Example 3 is illegal due to the non-interference rules of occam, since the value of x which is assigned to z is not defined, and could either be 1 or 2. Example 4, which obeys the restrictions introduced in this section, allows x to be used by both daughters and the use of parameters clearly defines the value of x, when used by process D2, as being 1.

The syntax restrictions outlined in this section result in more verbose programs but, in addition to simplifying the compiler, makes the use of global variables by concurrent processes more distinct.

#### 4.3.2 Daughter Invocation

The compiler checks the use of actual parameters by daughter processes according to the restrictions defined in section 4.3.1. Checks are also made on the use of channel parameters by daughter processes to ensure, as far as possible, the legal use of channels and to detect some obvious cases of deadlock.

At run-time, the allocation table is used to determine the processor to which a particular invocation of a daughter process has been allocated. Each invocation of a daughter is assigned a unique number, calculated at run-time.
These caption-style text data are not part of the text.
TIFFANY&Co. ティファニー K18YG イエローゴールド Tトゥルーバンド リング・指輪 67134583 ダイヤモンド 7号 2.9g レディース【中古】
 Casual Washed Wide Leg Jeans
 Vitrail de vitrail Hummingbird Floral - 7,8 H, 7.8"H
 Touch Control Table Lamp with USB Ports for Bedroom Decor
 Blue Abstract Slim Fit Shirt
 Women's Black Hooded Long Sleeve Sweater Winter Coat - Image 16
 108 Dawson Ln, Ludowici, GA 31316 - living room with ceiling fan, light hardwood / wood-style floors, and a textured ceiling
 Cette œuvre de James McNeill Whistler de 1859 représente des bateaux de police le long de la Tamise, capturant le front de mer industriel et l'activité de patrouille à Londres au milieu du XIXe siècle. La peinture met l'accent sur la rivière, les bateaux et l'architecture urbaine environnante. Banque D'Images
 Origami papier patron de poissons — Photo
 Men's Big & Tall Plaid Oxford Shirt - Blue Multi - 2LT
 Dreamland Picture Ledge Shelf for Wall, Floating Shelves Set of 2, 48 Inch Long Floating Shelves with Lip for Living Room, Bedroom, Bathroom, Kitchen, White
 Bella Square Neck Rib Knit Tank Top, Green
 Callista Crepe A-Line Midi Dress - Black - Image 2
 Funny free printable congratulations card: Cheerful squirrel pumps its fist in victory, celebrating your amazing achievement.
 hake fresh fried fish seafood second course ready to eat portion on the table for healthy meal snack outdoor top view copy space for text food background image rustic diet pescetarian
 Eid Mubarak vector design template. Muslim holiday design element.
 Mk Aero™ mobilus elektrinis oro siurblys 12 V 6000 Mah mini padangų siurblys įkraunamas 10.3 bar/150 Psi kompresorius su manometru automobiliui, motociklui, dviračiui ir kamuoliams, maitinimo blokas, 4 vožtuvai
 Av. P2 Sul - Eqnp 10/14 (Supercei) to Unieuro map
The method used to determine these numbers is explained in section 4.3.4.3. Each number indicates an offset into the allocation

table where the identification number of the processor allocated to that daughter can be found.

The parent process, having determined where a daughter is to execute, sends that processor a system message instructing it to initiate execution of the daughter. The start address of the code for the daughter is supplied together with additional information required by the daughter to calculate unique numbers for its channels and daughters. A new, separate stack is allocated to each daughter and is simply assigned a default size, regardless of the of the daughter's space requirements for locally declared variables and channels. This simplistic approach makes inefficient use of stack memory and a better approach would be to take into account varying workspace requirements as is done by Fisher [FIS86]. It is difficult to calculate exact space requirements for parameters, as is discussed in the next section, and for arithmetic calculations.

#### 4.3.2.1 The Parameter Passing Mechanism used

Occam allows vectors (1-dimensional arrays) of unspecified length to be used as formal parameters to named process declarations. Since the compiler cannot calculate the amount of space which must be reserved for the actual parameter passed, indirection is used, as illustrated in Figure 10.



#### Figure 10

#### Parameter Passing

A parameter is passed by pointing the formal parameter location to the current top of the stack. The actual parameter is then pushed onto the stack, the next formal parameter is pointed to the top of the stack and next actual parameter is then pushed on the stack etc.

This mechanism is used for both sequential and daughter processes.

## 4.3.2.2 Parent-Daughter Parameter Passing

The parameter passing, described in section 4.3.2.1, relies on a strict ordering of events. The parent process cannot simply send all the parameters as a single unit, because the size of each parameter is not known by the daughter. Instead, the parameters are each sent separately. The daughter process first points the formal parameter to the top of the stack, then receives the actual parameter from the parent and stacks it, then points the next formal parameter to the top of the stack etc. The synchronous message passing of occam provides a natural mechanism to enforce this synchronization between parent and daughter in the manner described by Figure 11.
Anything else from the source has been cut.